After the passing of the Health and Social Care Act and the decision to introduce ‘efficiency savings’ of £20bn, it’s feared that (depending on things like where you live, what kind of healthcare needs you have, and whether your GP’s CCG is committed to upholding the principles of the NHS) you could find that:
- it becomes increasingly difficult to get referred to hospital, or to specialists for non-urgent care;
- certain types of treatment will become rationed;
- if the treatment that you need is no longer available, you will have to choose to go privately, pay a top-up fee, take out expensive insurance – or go without;
- where services are put out to tender, you will not be offered the choice of hospital or specialist that the Government has promised;
- increasingly, treatments will be provided by private companies for whom profit will be the priority;
- you have to wait longer for treatment or a hospital bed;
- you have to travel further for treatment, including A& E services;
- the quality of your care is affected by staff cuts and poor staff morale;
- if your health problem is complex, your treatment is at risk of being split between the NHS and private health companies. Your treatment will be affected if any one of the private businesses involved fails, or loses its contract.
The Act came into force in April 2013, and its effects, together with those from the government’s ‘efficiency savings’, are slowly beginning to surface. For example, in June 2014, cancelled operations reached a 10 year high, 80% of GPs fear that workload pressures will lead to poor care or mistakes, while there are signs that NHS patients needing emergency treatment are having to make way for private patients (see, for instance http://www.mirror.co.uk/news/uk-news/nhs-giving-private-patients-priority-3786478).The Chair of NHS England, among others, has raised the prospect of introducing charges for health care (see http://www.guardian.co.uk/commentisfree/2013/apr/17/nhs-charges-next-government).

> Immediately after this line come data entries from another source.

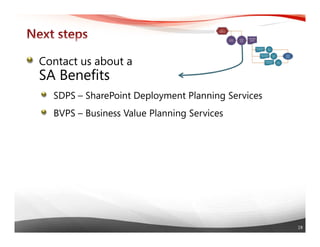 Business Intelligence Jumpstart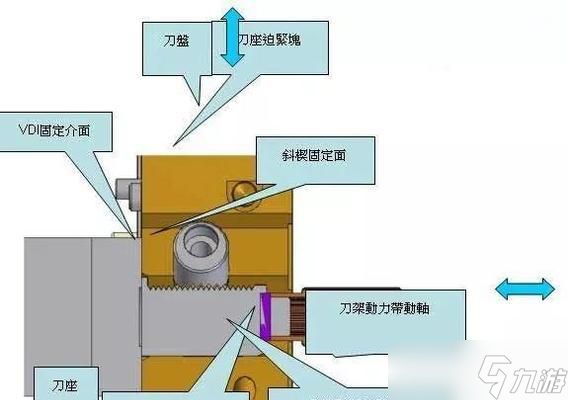 斜轨刀塔机刀座的安装方法是什么？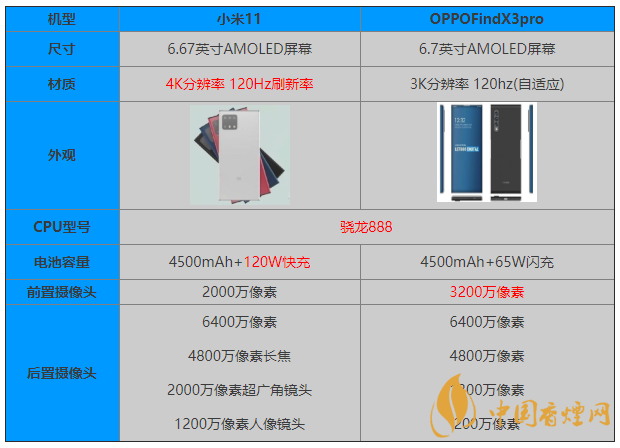 小米11和OPPOFindX3pro參數(shù)對(duì)比 怎么選？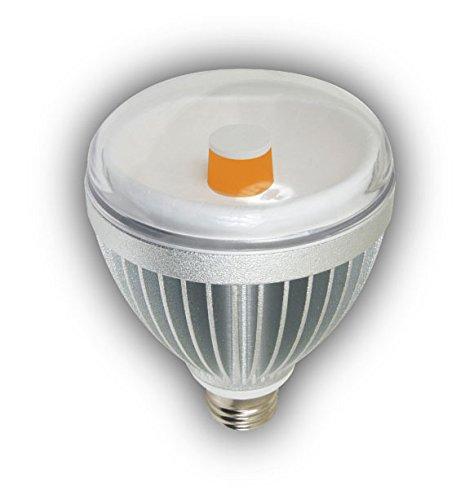 Algopix Similar Product 5 - TotalGrow Night  Day Management Light
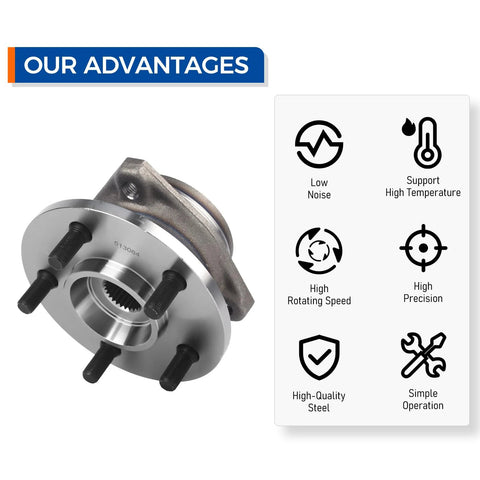Heavy Duty Wheel Hub Bearing Assembly Ready To Roll For Jeep Cherokee Wrangler Grand Cherokee TJ Comanche Wagoneer 1990 Through 1998 With Smooth Spin Tight Fit And Durable Sealed Bearings For Reliable Street And Trail Performance shown with advantages symbols.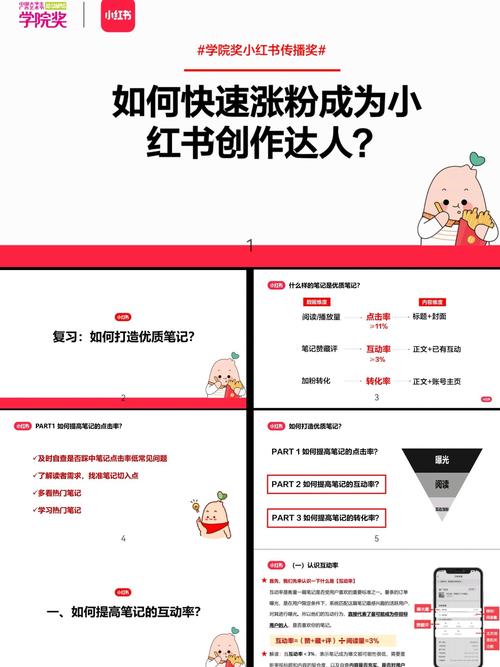 **标题：揭秘小红书涨粉秘籍，轻松打造万人迷账号！**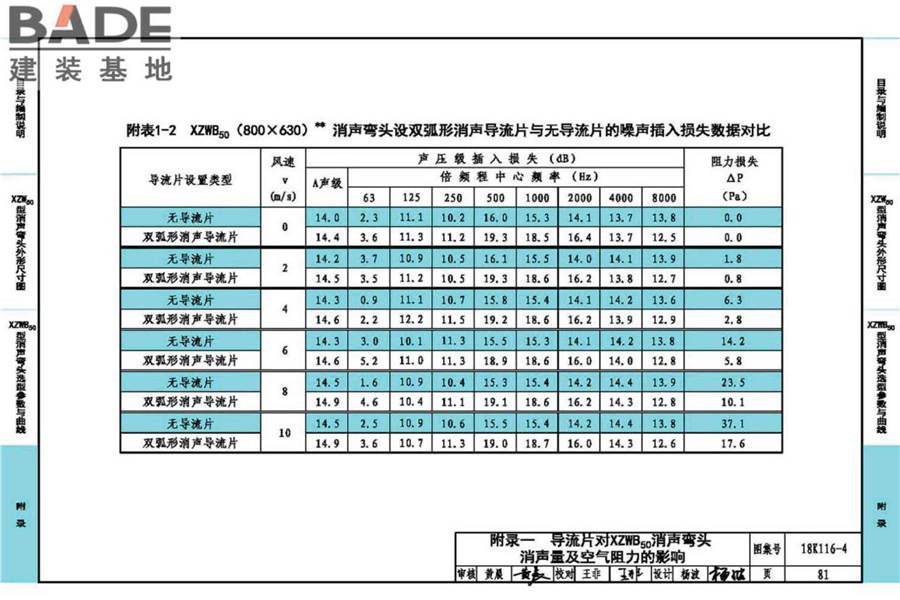 XZW50型消声弯头选用与制作（选用分册）_页面_085.jpg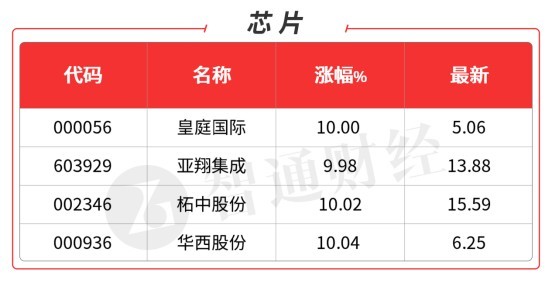 一肖三碼精準(zhǔn)內(nèi)部資料網(wǎng)，揭秘?cái)?shù)字世界的秘密與機(jī)遇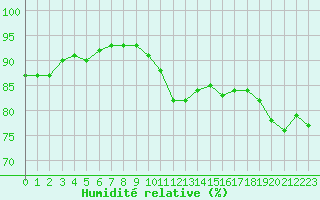 Courbe de l'humidit relative pour Pointe de Chassiron (17)
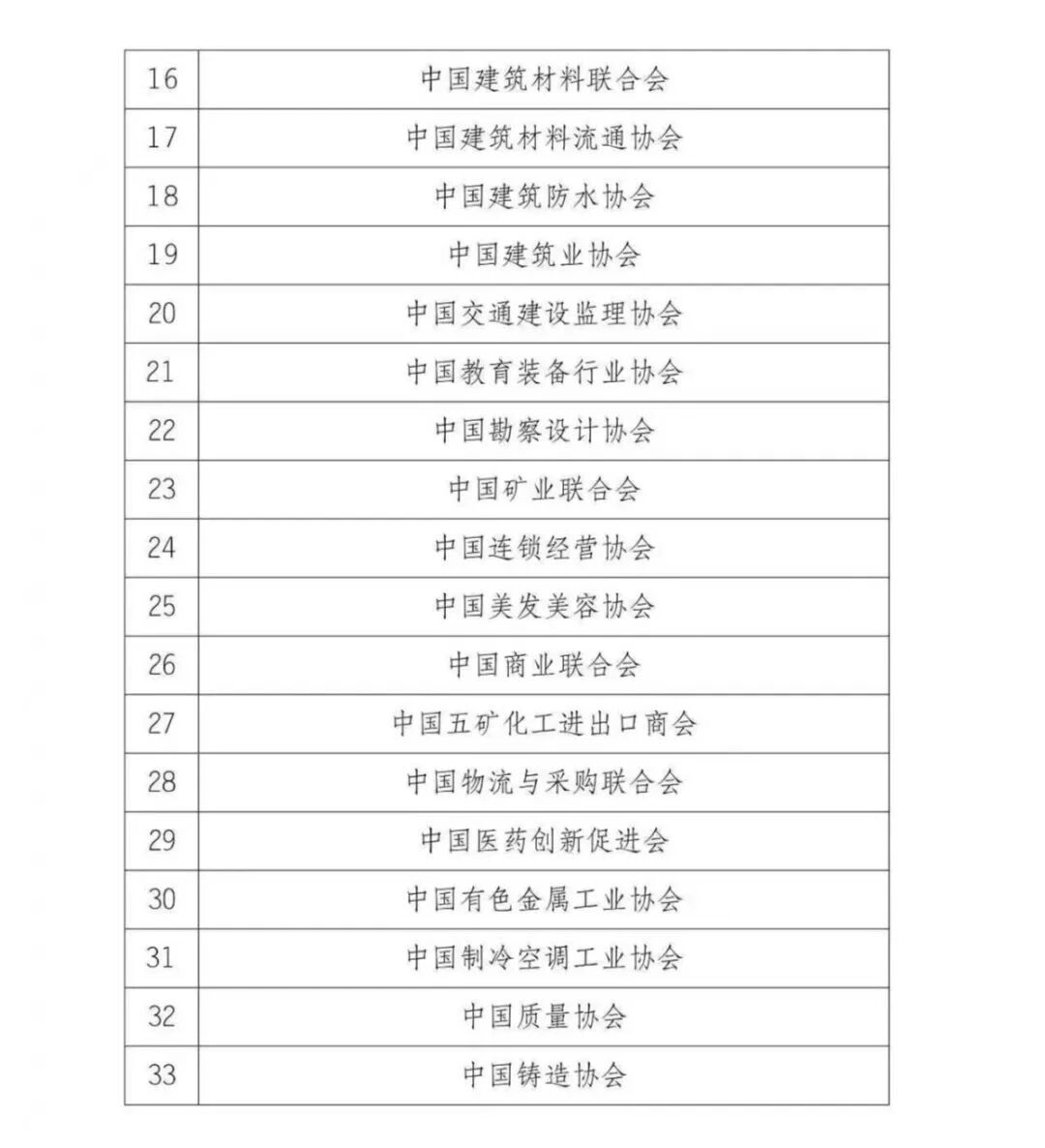 关于脱钩全国性行业协会商会、国际性社会组织第五次“全国先进社会组织”推荐名单的公示_fororder_2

For an up to date account of the effects of government changes to the NHS, see http://www.nhscampaign.org
In addition, there are signs that one of the aims behind the ‘reforms’ is to shift the NHS towards a US-style insurance-based system. The likelihood is that, over time, we will have a two-tier ‘NHS’ where, if you can afford expensive insurance, you can expect to receive treatment when you need it (providing the problem does not exist before you take out an insurance policy). However, if you cannot afford insurance, you will probably face a choice between getting into debt to pay for treatment, accepting poor treatment, or going without.